Thanks for following up with a hint, @Dong_Liang1. I have a few follow up questions if you don’t mind.
-
How you were running the cmdstan_model()
function call in parallel? Was it using some built-in R functionality or were you calling an R script in parallel from the shell?
-
If you want parallelism, can you just compile the model once and use it in all of the parallel calls?
-
Is there some reason the built-in parallelism in cmdstanr isn’t enough for what you need?
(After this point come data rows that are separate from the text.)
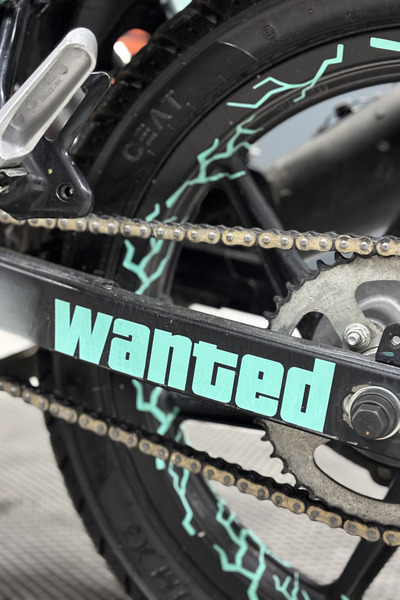 Banxtre Motor-Araba-Kask için Nane Yeşili Wanted Sticker Etiket (20CM)(1 Adet)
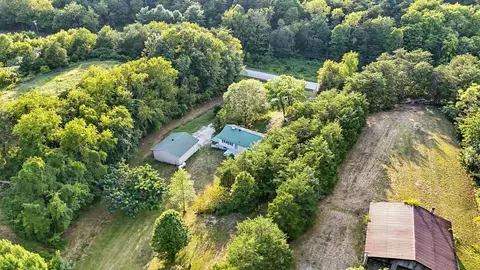 2498 Spout Springs Rd, Irvine, KY 40336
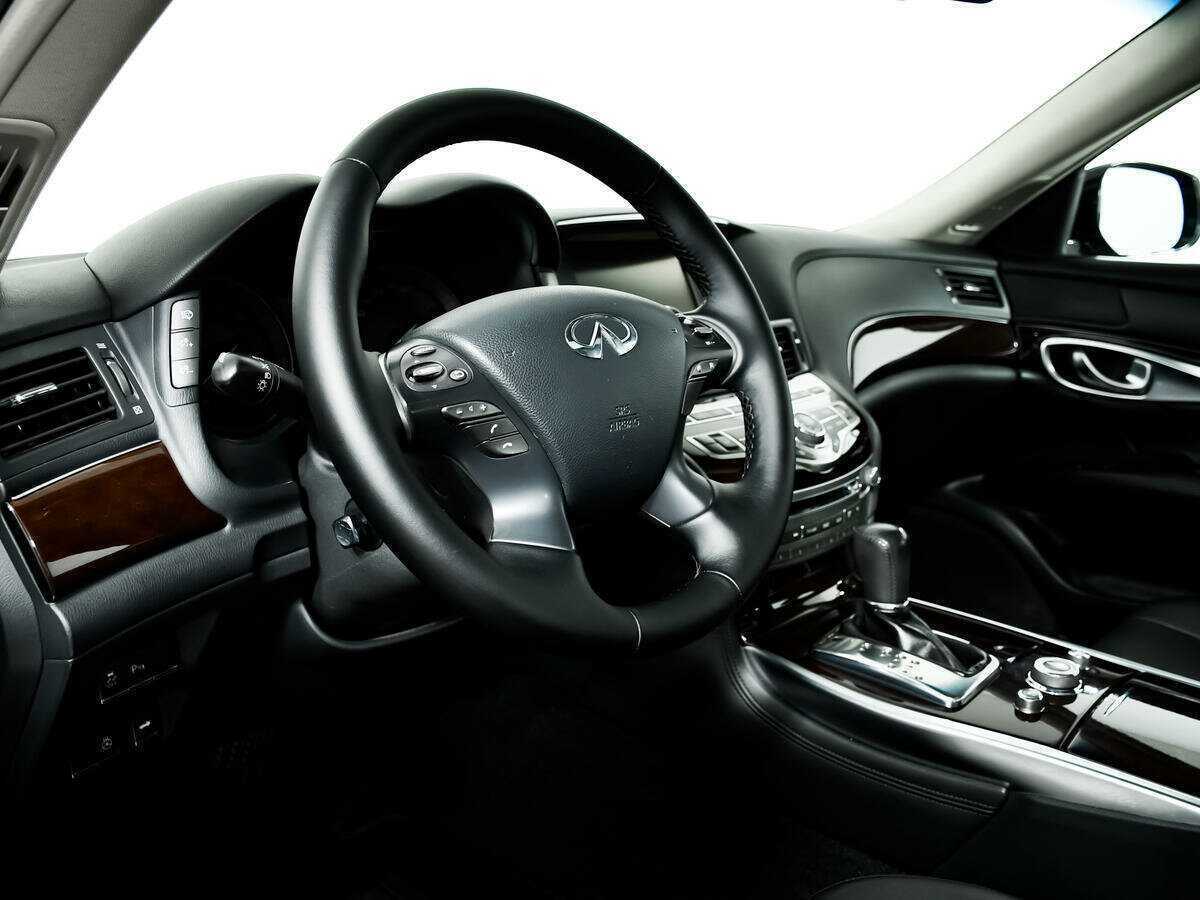 Купить Infiniti Q70, 2016, 300 524 км.. Фото: #12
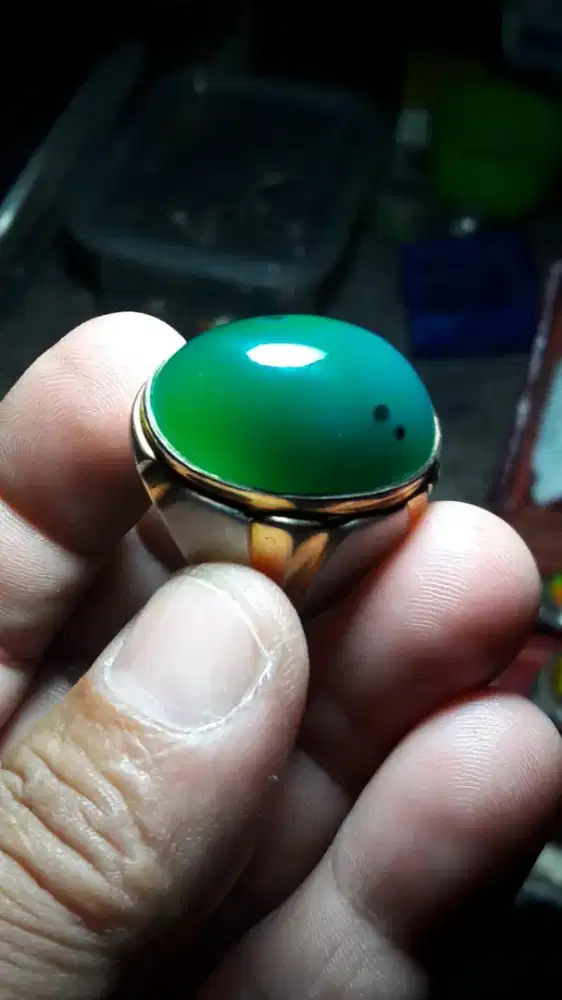 Batu bacan cokelat natural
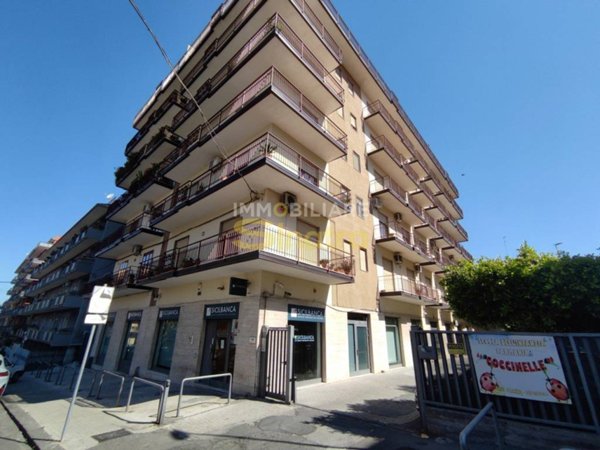 appartamento in vendita a Paternò in zona Centro Storico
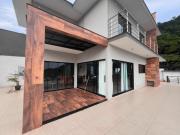 Pedaço do paraíso - Casa da colina - vista MAR - Praias & Trilhas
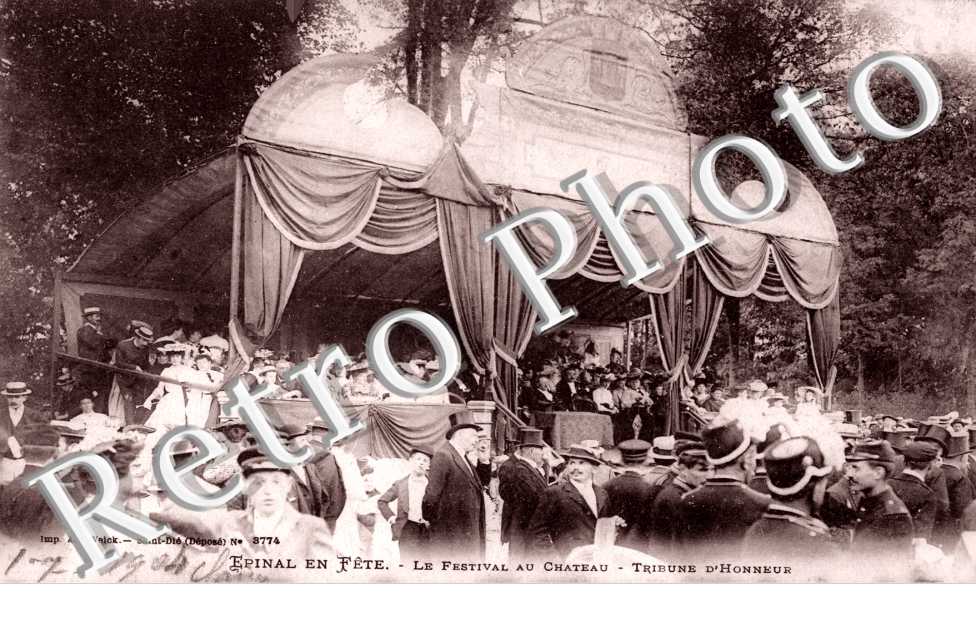 Le festival au chateau Tribune d&#039;honneur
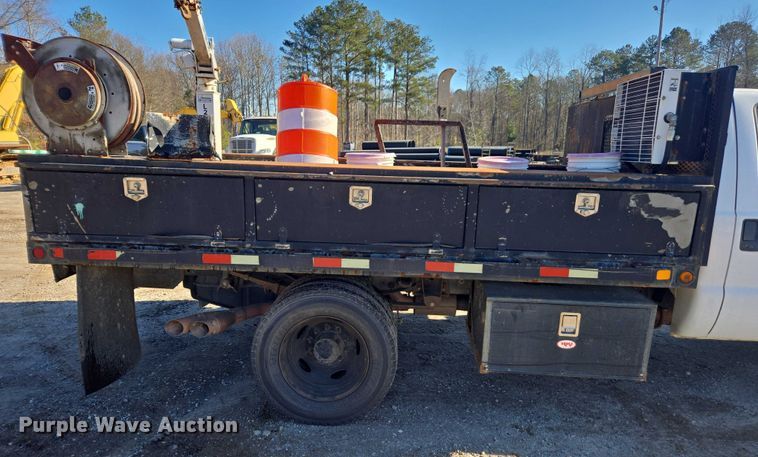 image for item DU2678 2008 Ford F450 Super Duty XL flatbed truck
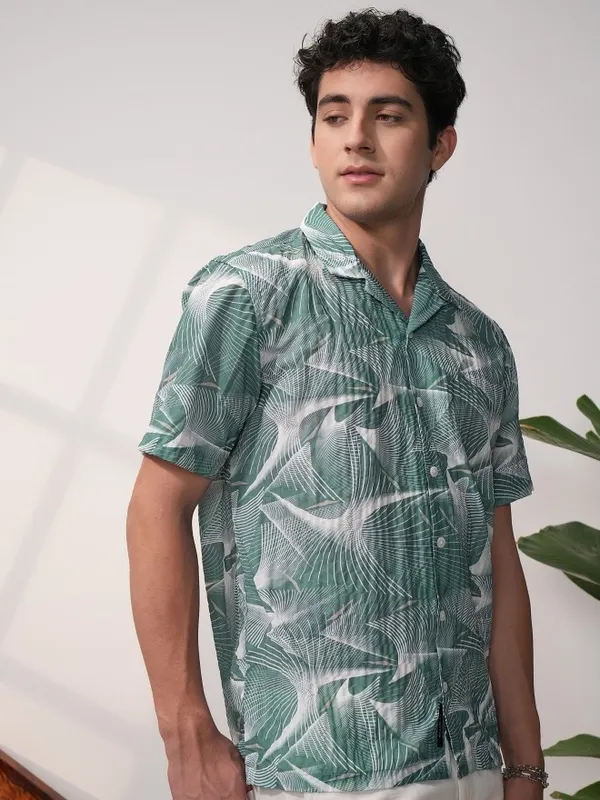 Men Relaxed Fit Casual Shirt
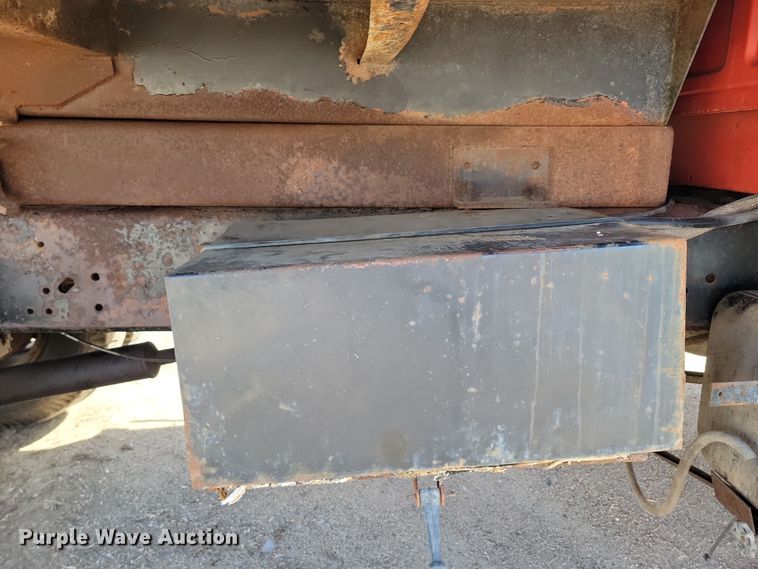 image for item NB9961 1987 Ford F800 dump truck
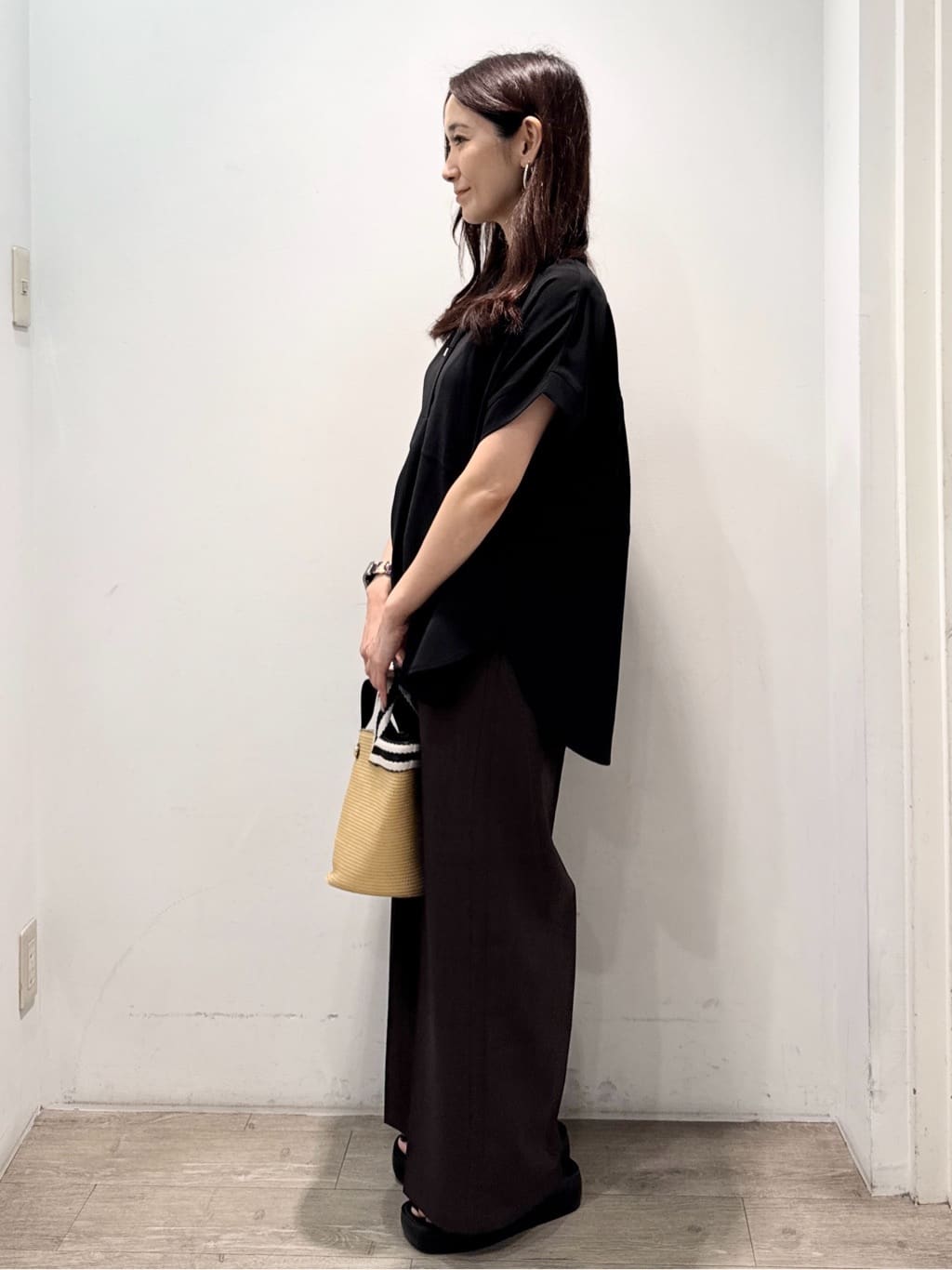 yuicciさんの「OPAQUE.CLIP｜《7色展開／SS-LLサイズ》ストレッチスキッパーブラウス／セットアップ対応【洗濯機洗い可／防シワ】」を使ったコーディネート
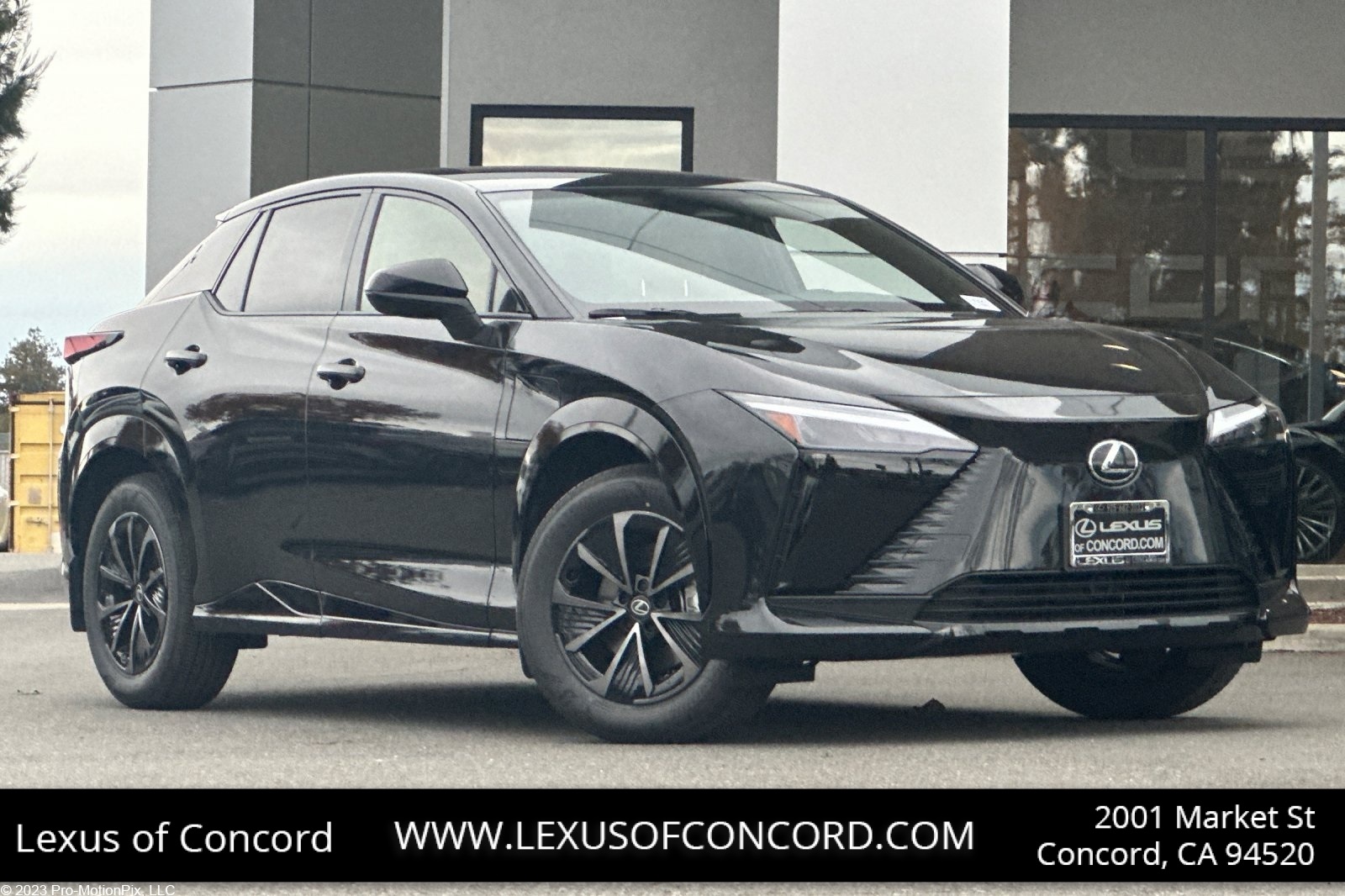 2026 Lexus RZ 350e Signature's photo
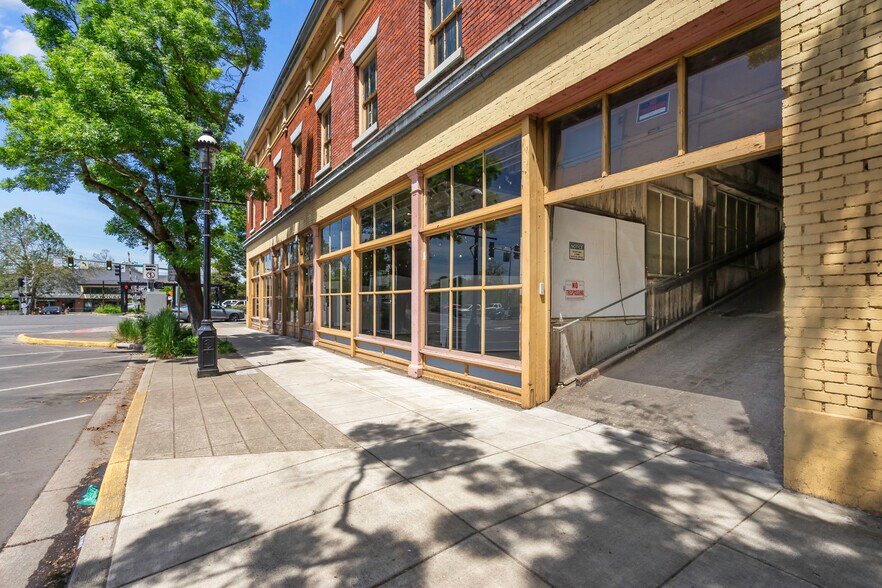 217 State St, Salem, OR à vendre - Photo du bâtiment - Image 3 de 19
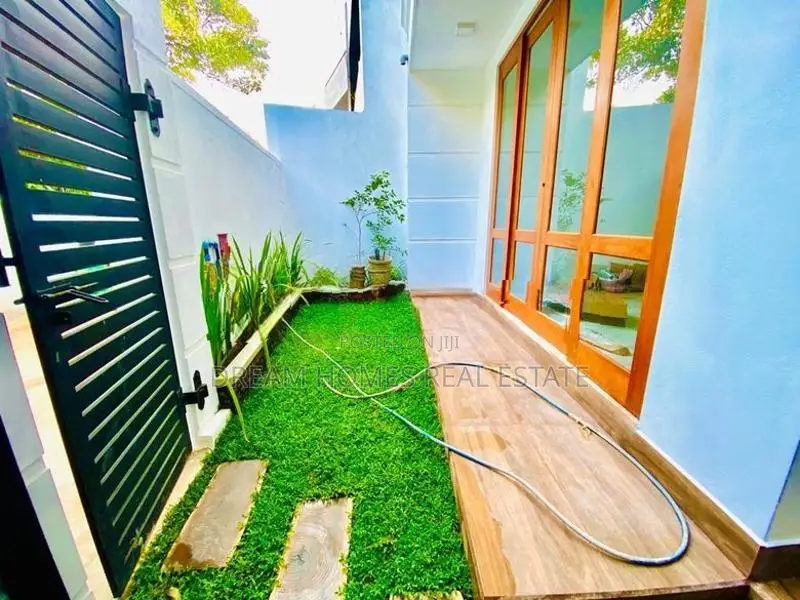 Brand New 3 Storied House for Sale in Piliyandala City.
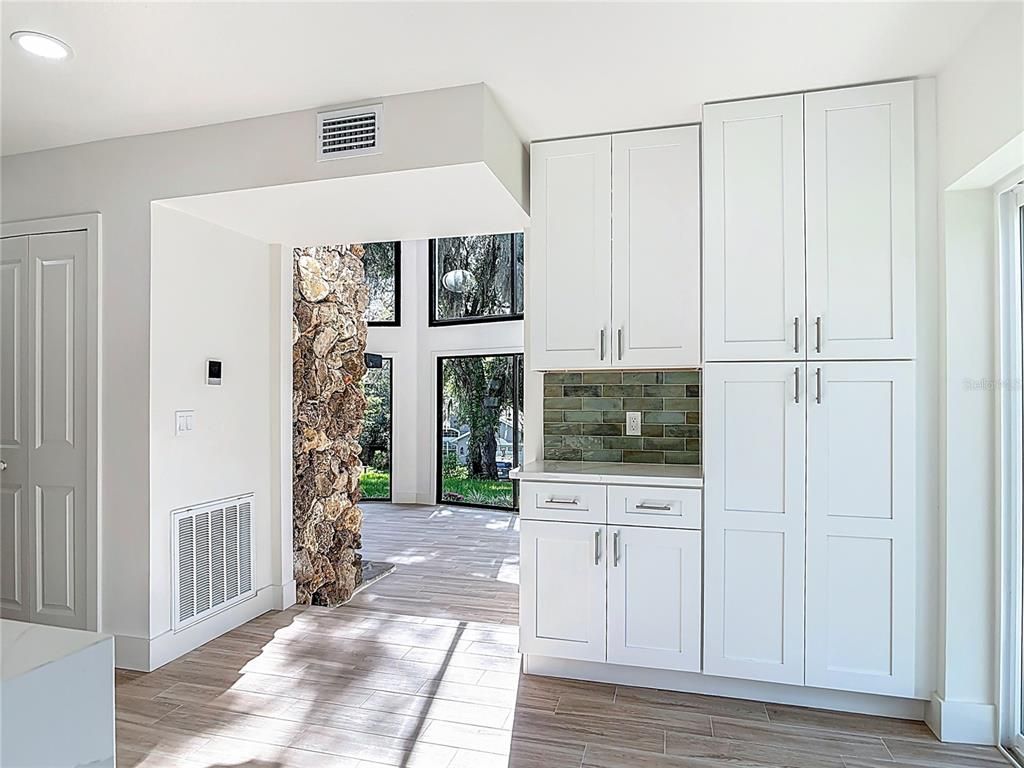 Interior, Pendant Lights, Recessed Lighting, Wood Texture Flooring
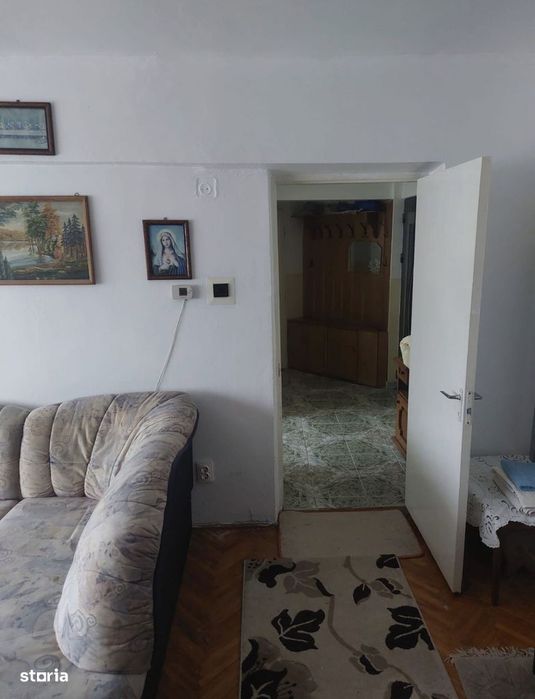 Apartament cu 2 camere, semidecomandat, etaj 4 din 4 , Blv. Muncii, Mi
The parallel run was driven in a shell file named “sim”.
#!/bin/sh
echo "Base->" $1
echo "End->" $2
echo "Rep->" $3
for i in $(seq $1 $2);
do
echo batch $i;
R CMD BATCH "--vanilla --slave --args $i $3" BC2k10_ref_1.R sim1_b${i}.Rout &
sleep 1
done
Ten batches were then run, each with 99 replicates.
./sim 1 10 99
The R script “BC2k10_ref_1.R” looks like this.
args_ <- commandArgs(trailingOnly = T)
batch_ <- as.integer(args_[1])
rep_ <- as.integer(args_[2])
fn_ <- paste0("sim1_b",batch_,".rData")
cat("Batch",batch_,"R=",rep_,"saving to ",fn_,'\n')
## compile the stan code
file.copy("BC2k10_ref_1.stan",paste0("BC2k10_ref_1_",batch_,".stan"))
mod_ <- cmdstan_model(paste0("BC2k10_ref_1_",batch_,".stan"))
file.remove(paste0("BC2k10_ref_1_",batch_,".stan"))
I don’t know how to compile the program offline and reuse it in parallel calls, or how to use the built-in cmdstanr to run multiple data sets.
Thanks
Dong
To double-check, do you have a single Stan model that you’re attempting to pass multiple datasets to, or do you have multiple stan models and multiple datasets?
I am attempting to pass multiple datasets to the same stan model. It’s a fishery population dynamic model originally coded in admb.
Can you try performing the parallelism using the compiled model in purely R? For example:
# Compile stan model once
mod <- cmdstanr::cmdstan_model("BC2k10_ref_1.stan")
# Load all datasets as a singe list of datasets:
dataset_list <- list(...)
# Use furrr package for parallel evaluation
library(furrr)
plan(multisession)
parallel_results <- future_map(dataset_list, function(dataset) {
mod$sample(
data = dataset_list
)
})
Yes, I think that will avoid this “Text file busy” issue.